Exercise instructions: Under this line are the records; repeat exactly the lines starting at the one containing "Electronics 13 02637 g010" and ending at the one containing "Easy Skip infographic: 4-step", omitting pictures.

Record set:
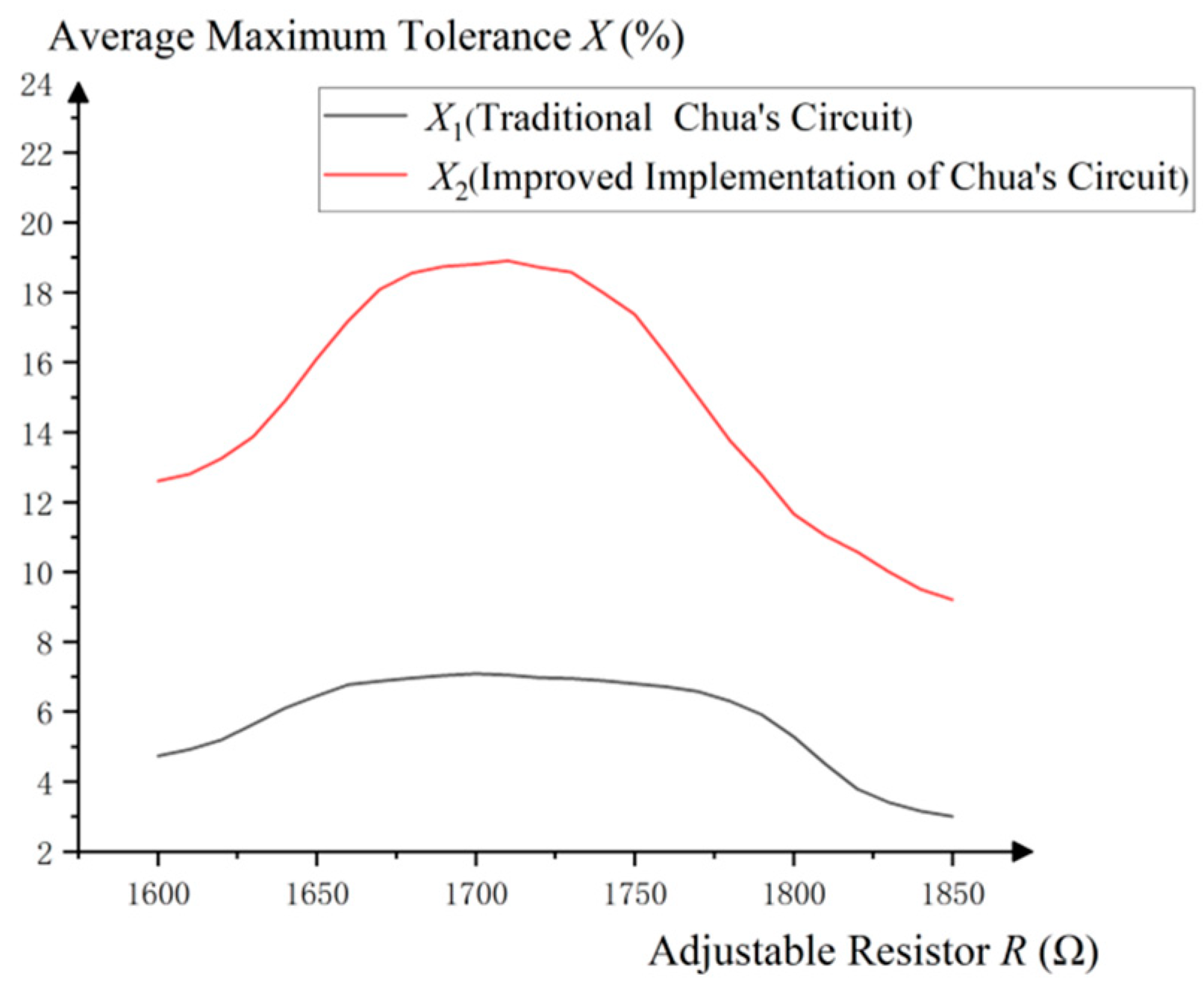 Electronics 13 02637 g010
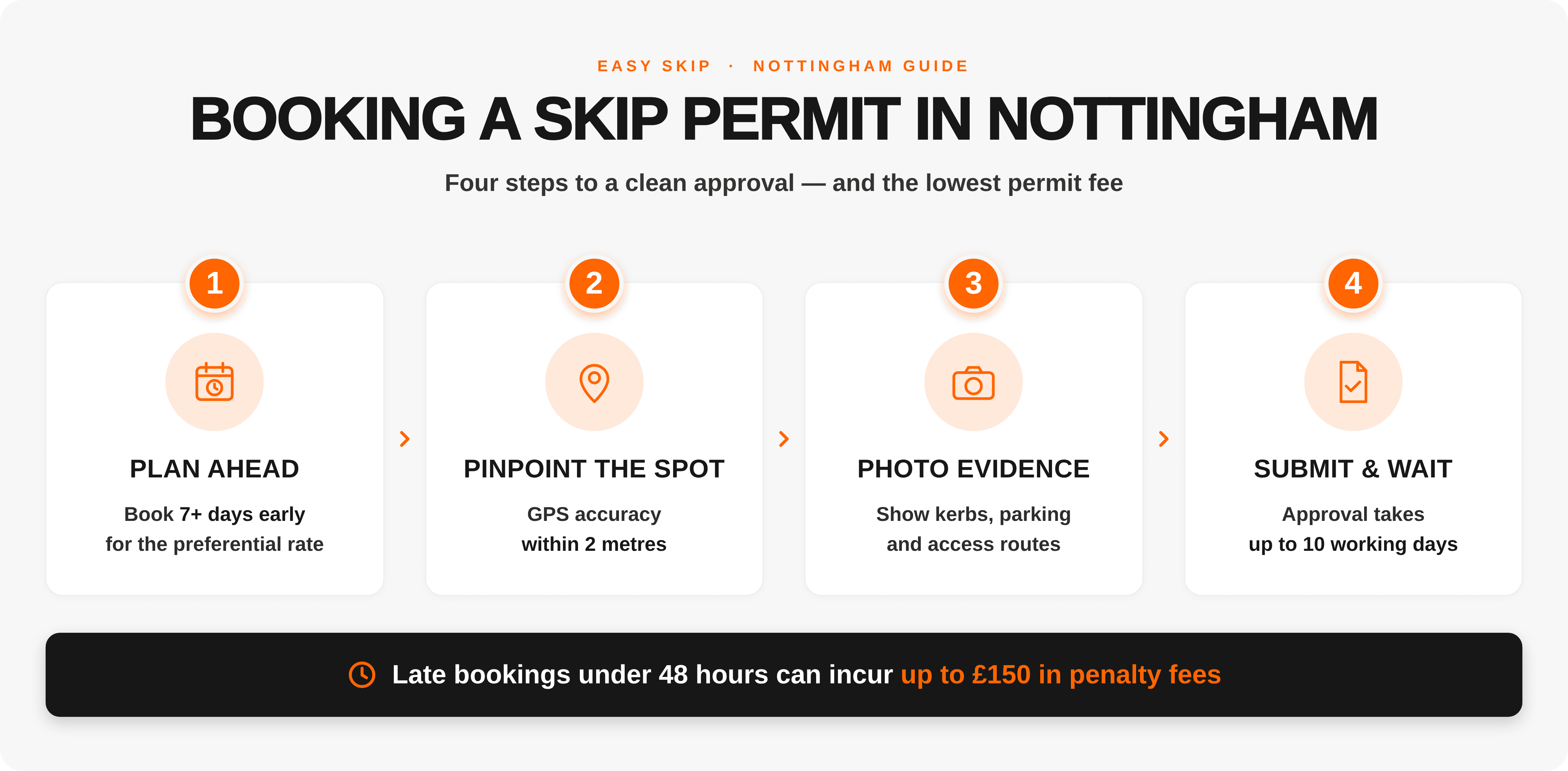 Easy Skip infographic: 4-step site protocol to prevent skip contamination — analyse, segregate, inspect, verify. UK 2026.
==
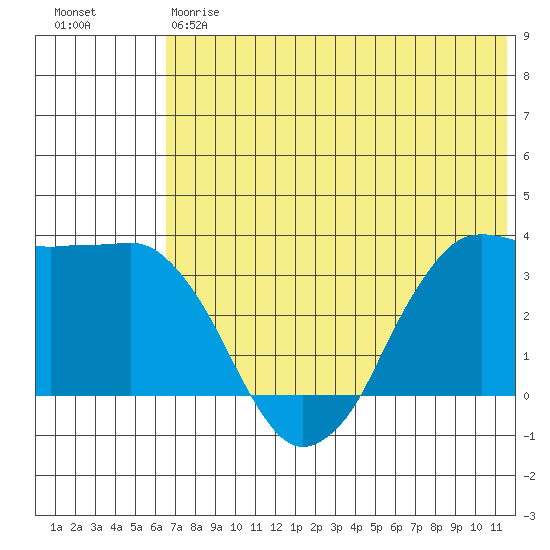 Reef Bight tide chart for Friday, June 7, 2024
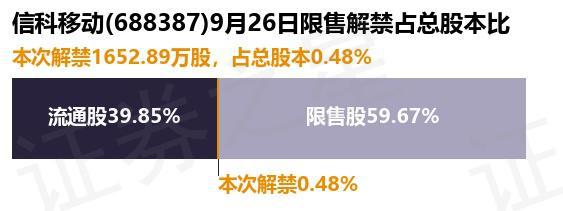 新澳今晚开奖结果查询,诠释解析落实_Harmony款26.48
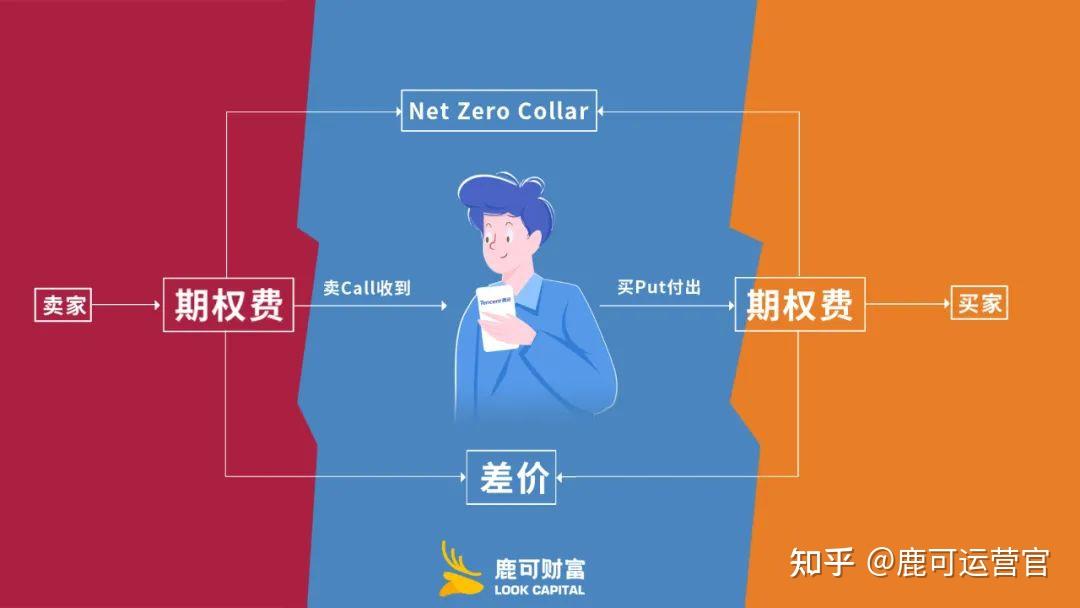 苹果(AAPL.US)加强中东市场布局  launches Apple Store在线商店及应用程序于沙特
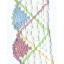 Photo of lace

Exercise solution:
 Electronics 13 02637 g010
 Easy Skip infographic: 4-step site protocol to prevent skip contamination — analyse, segregate, inspect, verify. UK 2026.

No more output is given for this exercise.